I have a patch for the above slowdown, but I wouldn't characterize the above difference as a "compile hog".  When I add up the 3 ltrans unit totals (which are basically the entire compilation), the difference is a 3% slowdown.

If this PR is for a larger than 3-4% slowdown, I think we should look elsewhere.  I could be wrong though ;-).
Comment 10 Aldy Hernandez 2021-11-29 14:36:36 UTC
Created attachment 51896 [details]
untested patch

The threading slowdown here is due to the ssa_global_cache temporary.  It doesn't look like ssa_global_cache was meant to be lightweight temporary cache ;-).

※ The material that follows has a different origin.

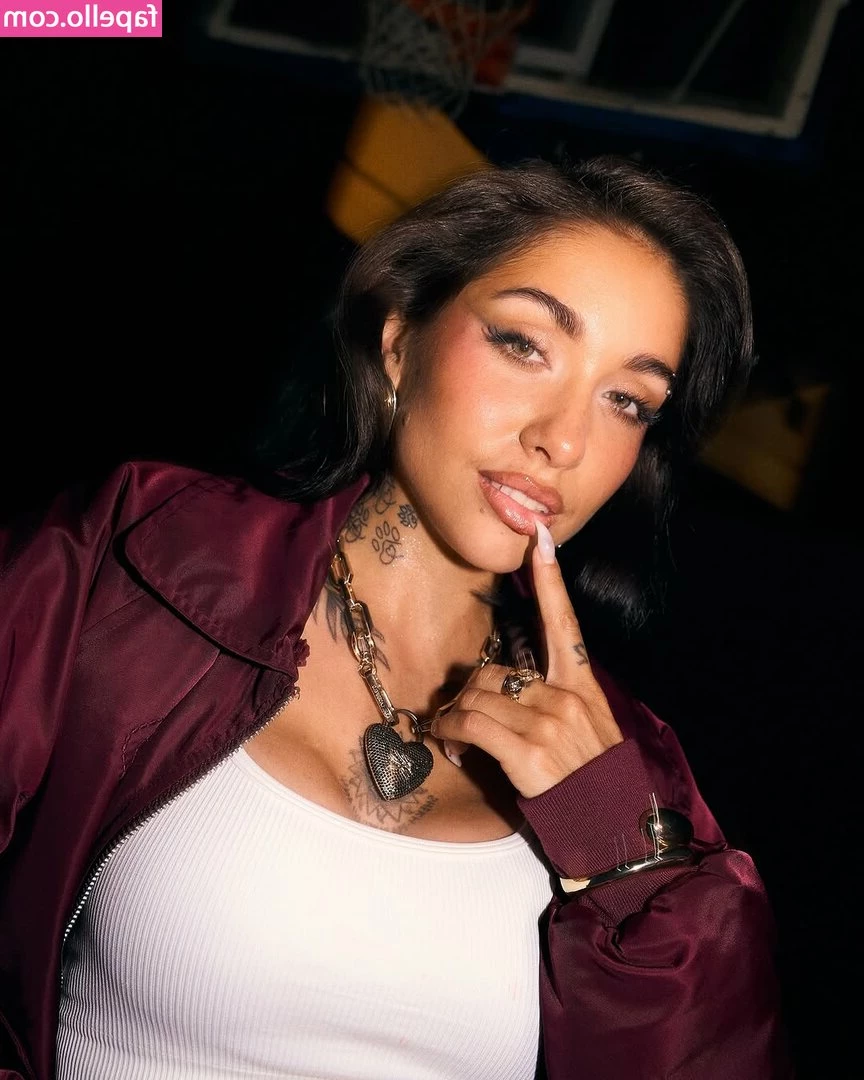 Maria Becerra [ maria-becerra ] - please come home from work and fuck me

We can avoid the temporary altogether by using the bitmap already used to determine if a cache entry is available.  With this (untested) patch the ltrans42 unit is back to:

 tree VRP                           :  13.70 (  3%)   0.04 (  2%)  13.71 (  3%)    45M (  4%)
 backwards jump threading           :  13.22 (  3%)   0.01 (  0%)  13.26 (  3%)  3609k (  0%)
Comment 11 GCC Commits 2021-12-01 16:12:31 UTC
The master branch has been updated by Aldy Hernandez <aldyh@gcc.gnu.org>:

https://gcc.gnu.org/g:54ebec35abec09a24b47b997172622ca0d8e2318

commit r12-5694-g54ebec35abec09a24b47b997172622ca0d8e2318
Author: Aldy Hernandez <aldyh@redhat.com>
Date:   Mon Nov 29 14:49:59 2021 +0100

    path solver: Use only one ssa_global_cache.
    
    We're using a temporary range cache while computing ranges for PHIs to
    make sure the real cache doesn't get set until all PHIs are computed.
    With the ltrans beast in LTO mode this causes undue overhead.
    
    Since we already have a bitmap to indicate whether there's a cache
    entry, we can avoid the extra cache object by clearing it while PHIs
    are being calculated.
    
    gcc/ChangeLog:
    
            PR tree-optimization/103409
            * gimple-range-path.cc (path_range_query::compute_ranges_in_phis):
            Do all the work with just one ssa_global_cache.
            * gimple-range-path.h: Remove m_tmp_phi_cache.
Comment 12 Aldy Hernandez 2021-12-01 16:14:55 UTC
I've fixed the threading slowdown.  Can someone verify and close this PR if all the slowdown has been accounted for?  If not, then someone needs to explore any slowdown unrelated to the threader.
Comment 13 hubicka 2021-12-01 20:49:15 UTC
> I've fixed the threading slowdown.  Can someone verify and close this PR if all
> the slowdown has been accounted for?  If not, then someone needs to explore any
> slowdown unrelated to the threader.
The plots linked from the PR are live, so they should come back to
original speed (so far they did not).

https://lnt.opensuse.org/db_default/v4/SPEC/graph?plot.0=226.548.8
and
https://lnt.opensuse.org/db_default/v4/SPEC/graph?plot.0=287.548.8
Comment 14 Aldy Hernandez 2021-12-03 11:25:30 UTC
(In reply to hubicka from comment #13)
> > I've fixed the threading slowdown.  Can someone verify and close this PR if all
> > the slowdown has been accounted for?  If not, then someone needs to explore any
> > slowdown unrelated to the threader.
> The plots linked from the PR are live, so they should come back to
> original speed (so far they did not).
> 
> https://lnt.opensuse.org/db_default/v4/SPEC/graph?plot.0=226.548.8
> and
> https://lnt.opensuse.org/db_default/v4/SPEC/graph?plot.0=287.548.8

There's now a big drop for the first graph, and a small drop for the second one.
Comment 15 Jan Hubicka 2021-12-03 11:28:39 UTC
the first graph seems to be back to normal and I think the second is withing noise range. If not I will try to figure out what happens here (one is -O2 and other -Ofast so there may be something in that).